* _STORED DATA_

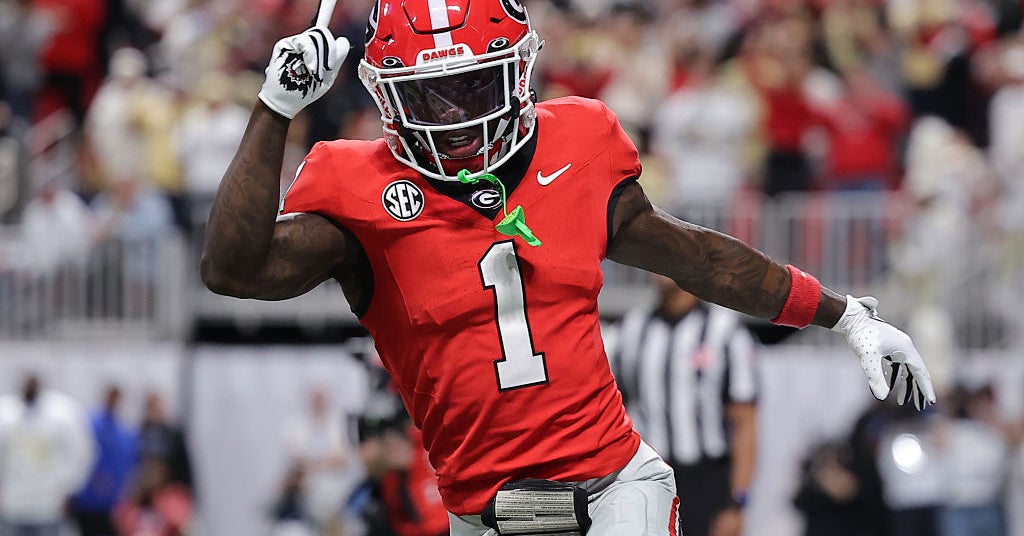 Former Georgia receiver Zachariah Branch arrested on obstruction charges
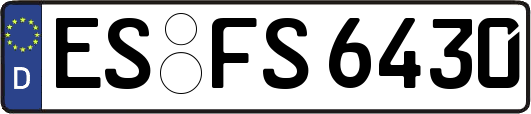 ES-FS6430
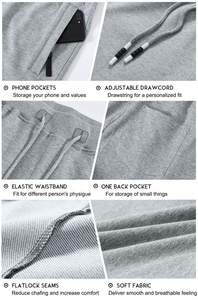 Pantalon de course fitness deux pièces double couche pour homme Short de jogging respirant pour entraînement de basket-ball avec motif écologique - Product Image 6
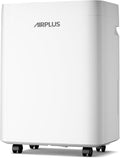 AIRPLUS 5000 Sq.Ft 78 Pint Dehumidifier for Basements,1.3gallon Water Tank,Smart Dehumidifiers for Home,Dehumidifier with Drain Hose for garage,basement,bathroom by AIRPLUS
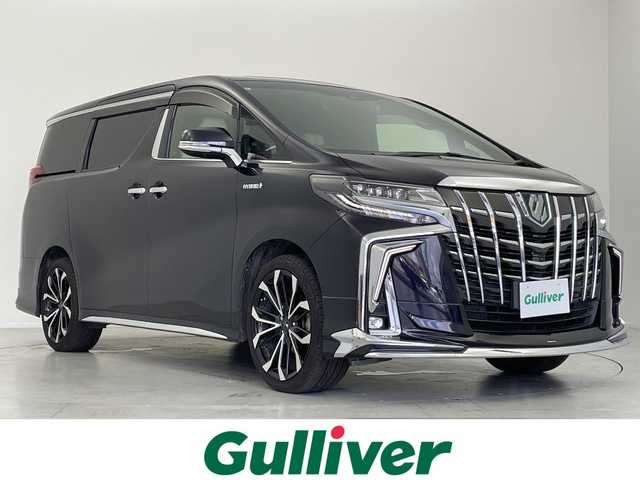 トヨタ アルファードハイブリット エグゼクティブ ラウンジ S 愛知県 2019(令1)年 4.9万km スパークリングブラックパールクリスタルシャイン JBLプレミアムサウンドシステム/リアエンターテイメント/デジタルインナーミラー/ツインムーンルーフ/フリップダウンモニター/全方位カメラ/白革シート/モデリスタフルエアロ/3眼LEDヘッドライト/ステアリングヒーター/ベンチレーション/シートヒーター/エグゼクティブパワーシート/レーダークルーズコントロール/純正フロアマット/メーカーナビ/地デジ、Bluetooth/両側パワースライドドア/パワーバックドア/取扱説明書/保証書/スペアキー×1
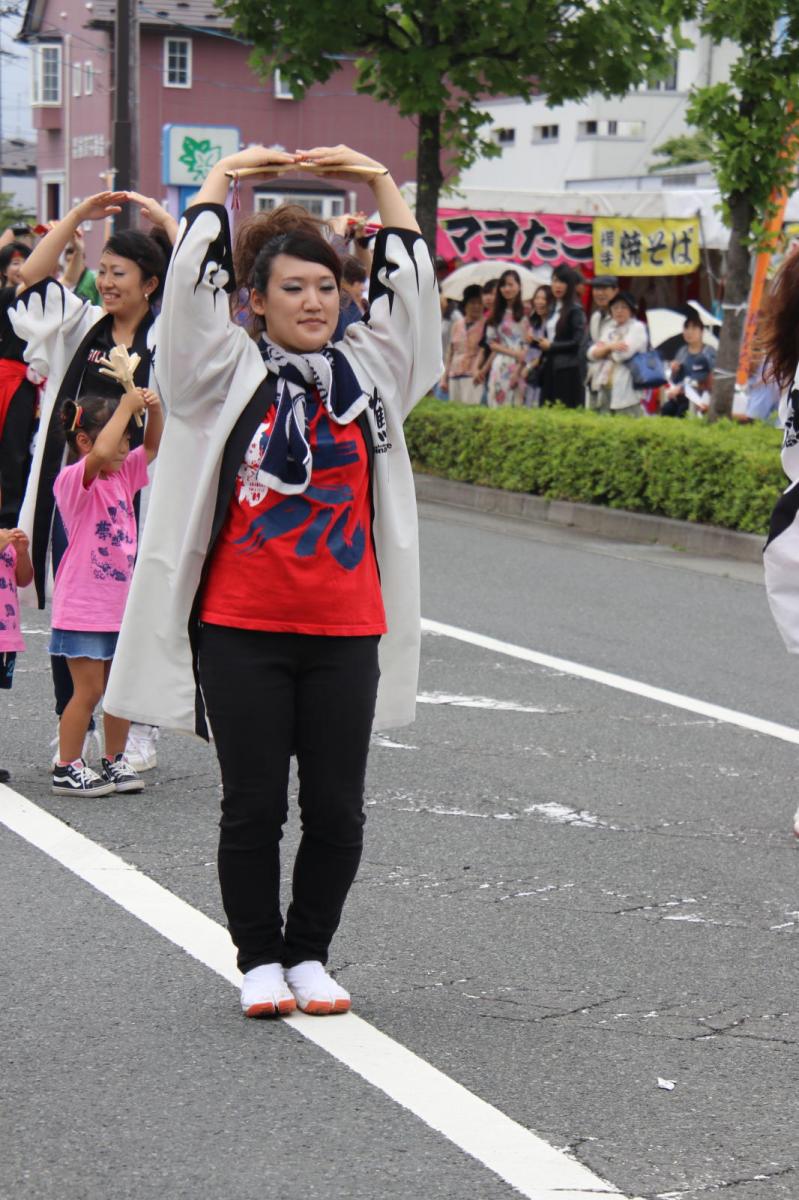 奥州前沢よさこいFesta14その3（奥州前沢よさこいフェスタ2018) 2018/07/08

* _INSTRUCTIONS FOR THE TASK_
Leave out the pictures, and write out exactly the lines from the line containing "トヨタ アルファードハイブリット エグゼクティブ" through the end of the records above.

* _RESPONSE TO THE EXERCISE_
 トヨタ アルファードハイブリット エグゼクティブ ラウンジ S 愛知県 2019(令1)年 4.9万km スパークリングブラックパールクリスタルシャイン JBLプレミアムサウンドシステム/リアエンターテイメント/デジタルインナーミラー/ツインムーンルーフ/フリップダウンモニター/全方位カメラ/白革シート/モデリスタフルエアロ/3眼LEDヘッドライト/ステアリングヒーター/ベンチレーション/シートヒーター/エグゼクティブパワーシート/レーダークルーズコントロール/純正フロアマット/メーカーナビ/地デジ、Bluetooth/両側パワースライドドア/パワーバックドア/取扱説明書/保証書/スペアキー×1
 奥州前沢よさこいFesta14その3（奥州前沢よさこいフェスタ2018) 2018/07/08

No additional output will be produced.